● Your task
Leave out the images and return all the data word for word.

● Data under study
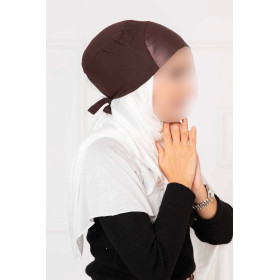 bonnet sous hijab à nouer satin marron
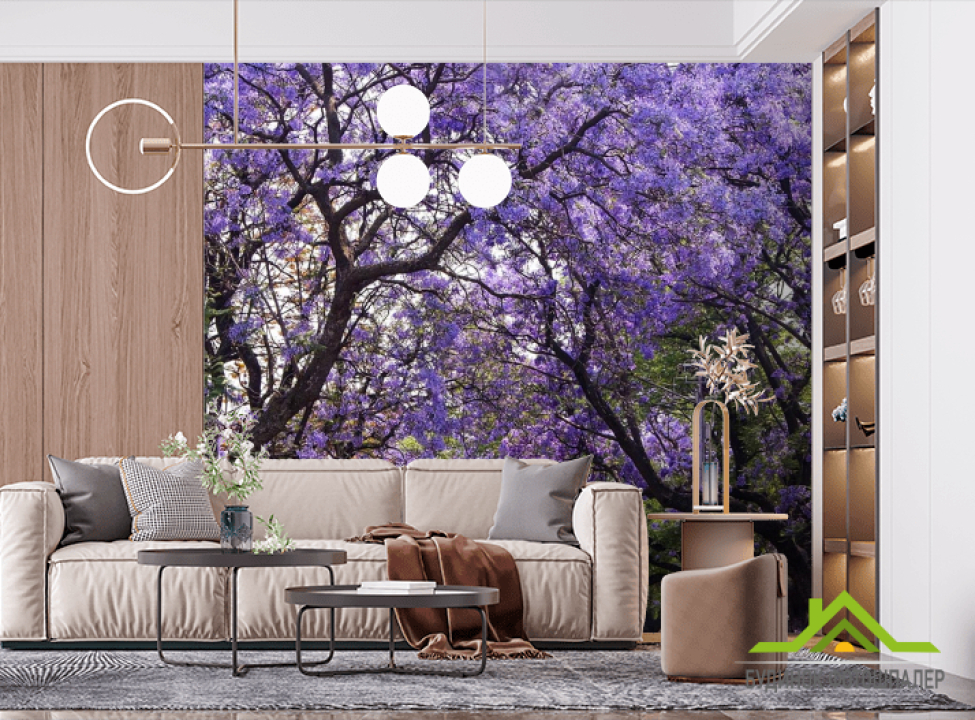 выбрать Фотообои аллея с синими деревьями Фотообои Расширяющие пространство на стену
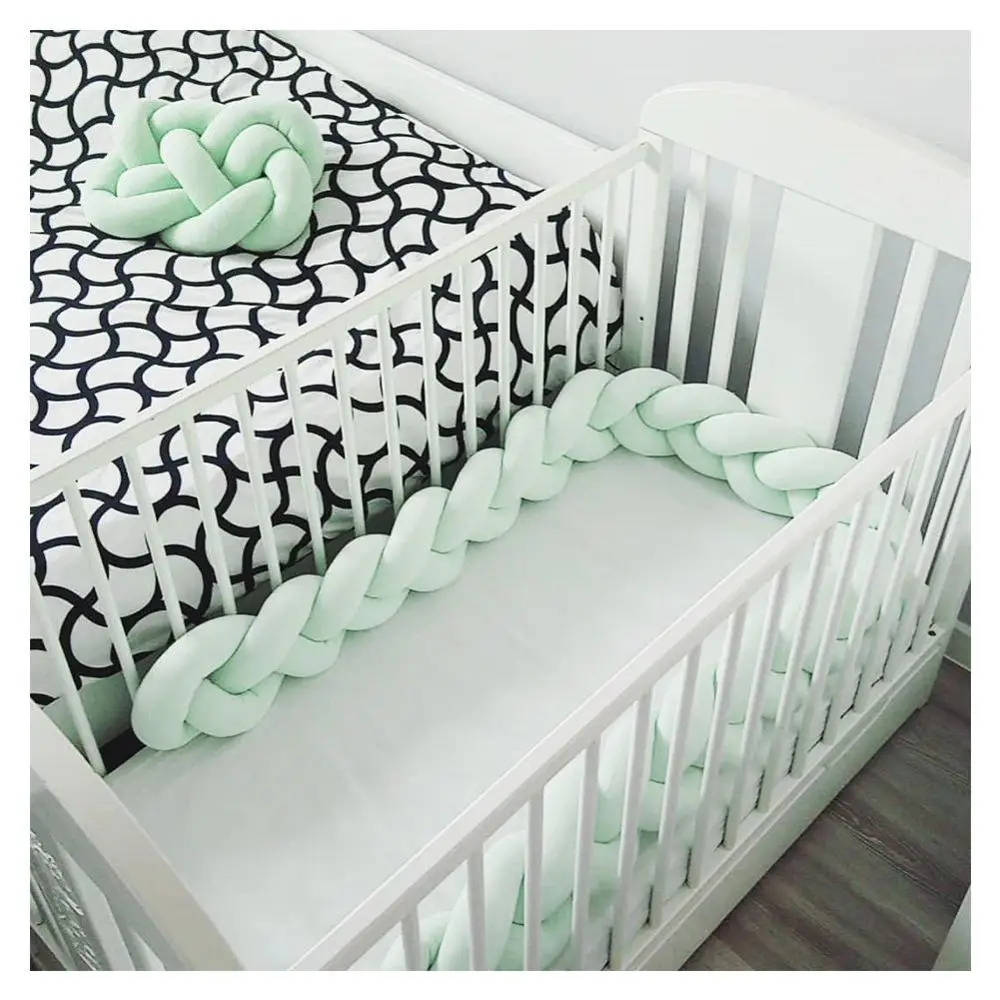 Lovely Braided Crib Bumper Plush Knot Cushion Decorative Bolster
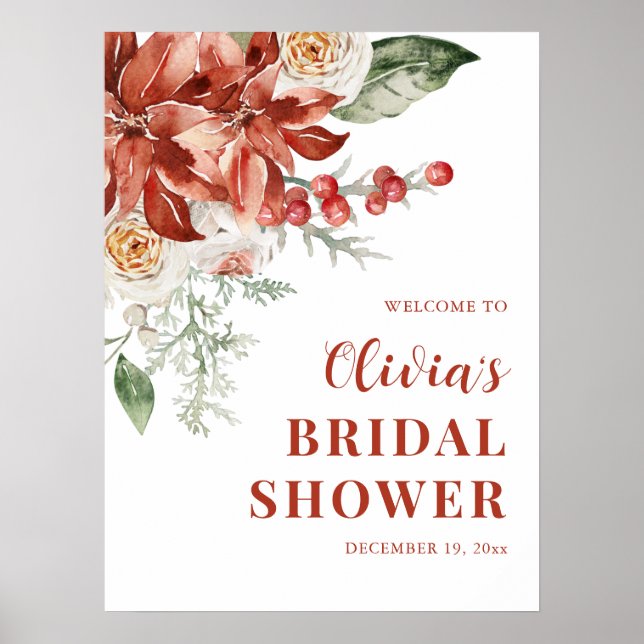 Elegant Winter Red Greenery Bridal Shower Welcome Poster (Front)
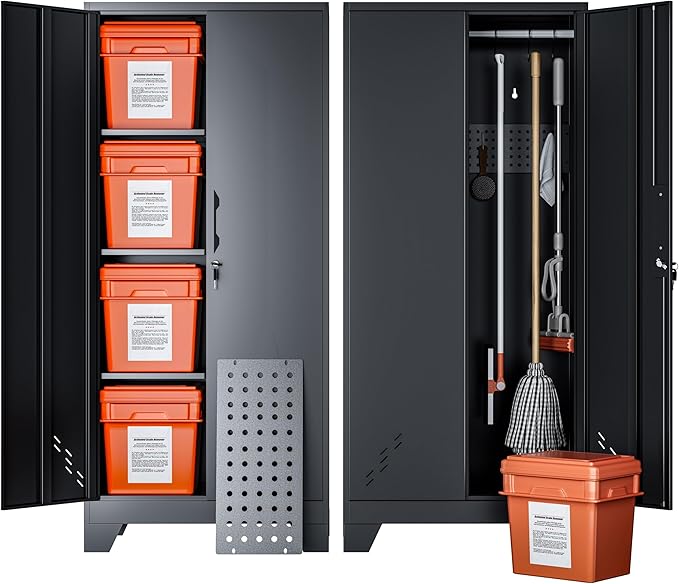 Storage Cabinet 61" H, Metal Tools Storage Cabinet with Lockable Doors and Shelves, Outdoor Storage Sheds with Removable Pegboard for Garage, Utility Room, Office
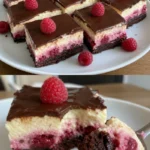 Himbeer Brownie Cheesecake mit Schokoladenglasur und frischen Himbeeren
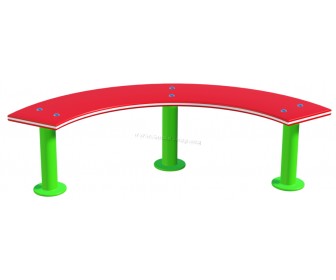 Banca pentru copii PlayPark Curba (Red/Green)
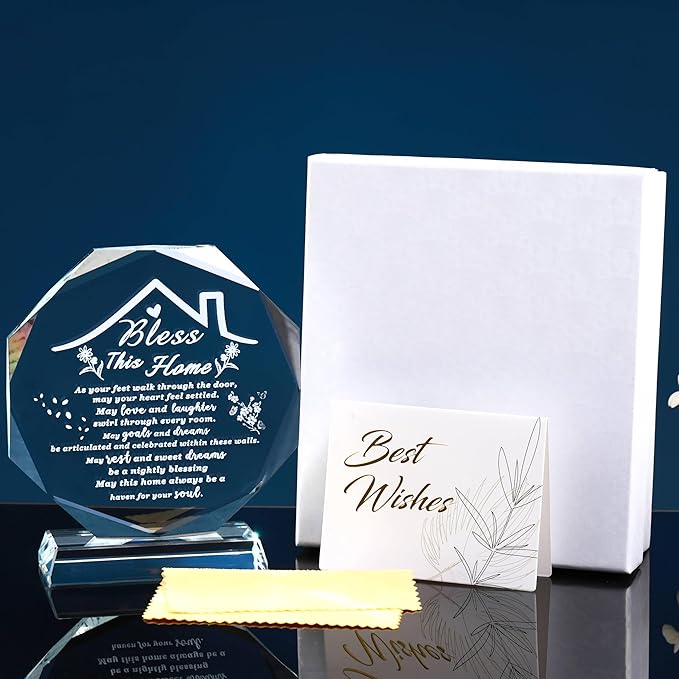 House Warming Gifts New Home Crystal Decor Plaque Housewarming Gift Keepsakes for New Homes for Couple Women Men Friends Bless this Houses Warming Gifts New Apartment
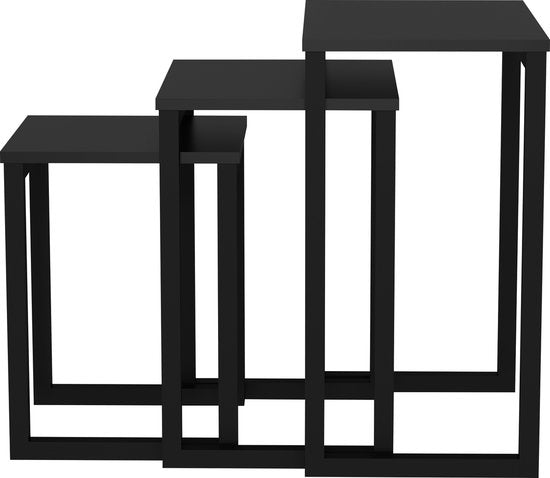 Ensemble de 3 tables d'appoint industrielles noires : économiser de l'espace avec style
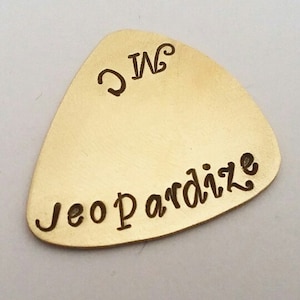 Handstamped guitar pick, You are music to my soul, Personalized plectrum, Valentines Day gift, copper men gift, custom statement, guitarist image 3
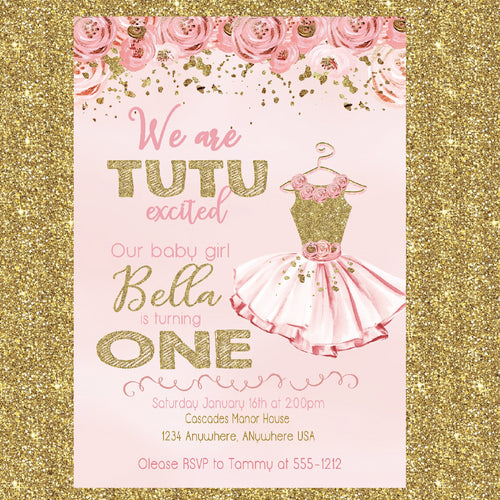 Ballerina Birthday Invitation, Tutu Invitation, Tutu Birthday party Invitation, Pink and Gold Girl Birthday Invite, Ballerina invitation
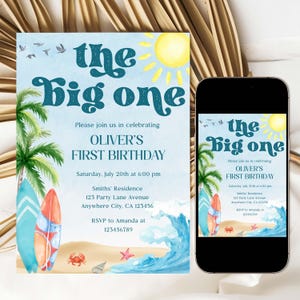 May include: A birthday invitation with a beach theme. The invitation features the text "The Big One" in teal, along with details for Oliver's first birthday. Includes illustrations of a surfboard, palm trees, and a sun.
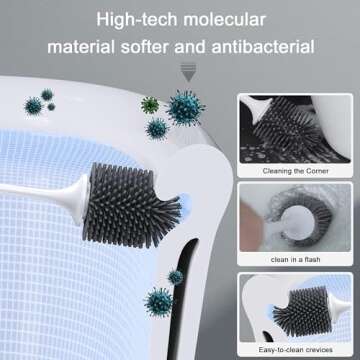 Lefree 2 Pack Silicone Toilet Brush Set with Ventilated Holder, Floor Standing & Wall Mounted Toilet Scrubber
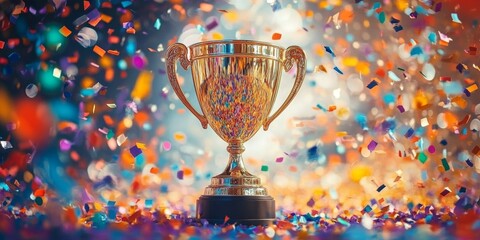 A gleaming gold winners trophy cup takes centre stage, surrounded by a festive explosion of colorful celebration confetti and sparkling glitter, symbolizing victory and success in a competition.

● Finished task
 bonnet sous hijab à nouer satin marron
 выбрать Фотообои аллея с синими деревьями Фотообои Расширяющие пространство на стену
 Lovely Braided Crib Bumper Plush Knot Cushion Decorative Bolster
 Elegant Winter Red Greenery Bridal Shower Welcome Poster (Front)
 Storage Cabinet 61" H, Metal Tools Storage Cabinet with Lockable Doors and Shelves, Outdoor Storage Sheds with Removable Pegboard for Garage, Utility Room, Office
 Himbeer Brownie Cheesecake mit Schokoladenglasur und frischen Himbeeren
 Banca pentru copii PlayPark Curba (Red/Green)
 House Warming Gifts New Home Crystal Decor Plaque Housewarming Gift Keepsakes for New Homes for Couple Women Men Friends Bless this Houses Warming Gifts New Apartment
 Ensemble de 3 tables d'appoint industrielles noires : économiser de l'espace avec style
 Handstamped guitar pick, You are music to my soul, Personalized plectrum, Valentines Day gift, copper men gift, custom statement, guitarist image 3
 Ballerina Birthday Invitation, Tutu Invitation, Tutu Birthday party Invitation, Pink and Gold Girl Birthday Invite, Ballerina invitation
 May include: A birthday invitation with a beach theme. The invitation features the text "The Big One" in teal, along with details for Oliver's first birthday. Includes illustrations of a surfboard, palm trees, and a sun.
 Lefree 2 Pack Silicone Toilet Brush Set with Ventilated Holder, Floor Standing & Wall Mounted Toilet Scrubber
 A gleaming gold winners trophy cup takes centre stage, surrounded by a festive explosion of colorful celebration confetti and sparkling glitter, symbolizing victory and success in a competition.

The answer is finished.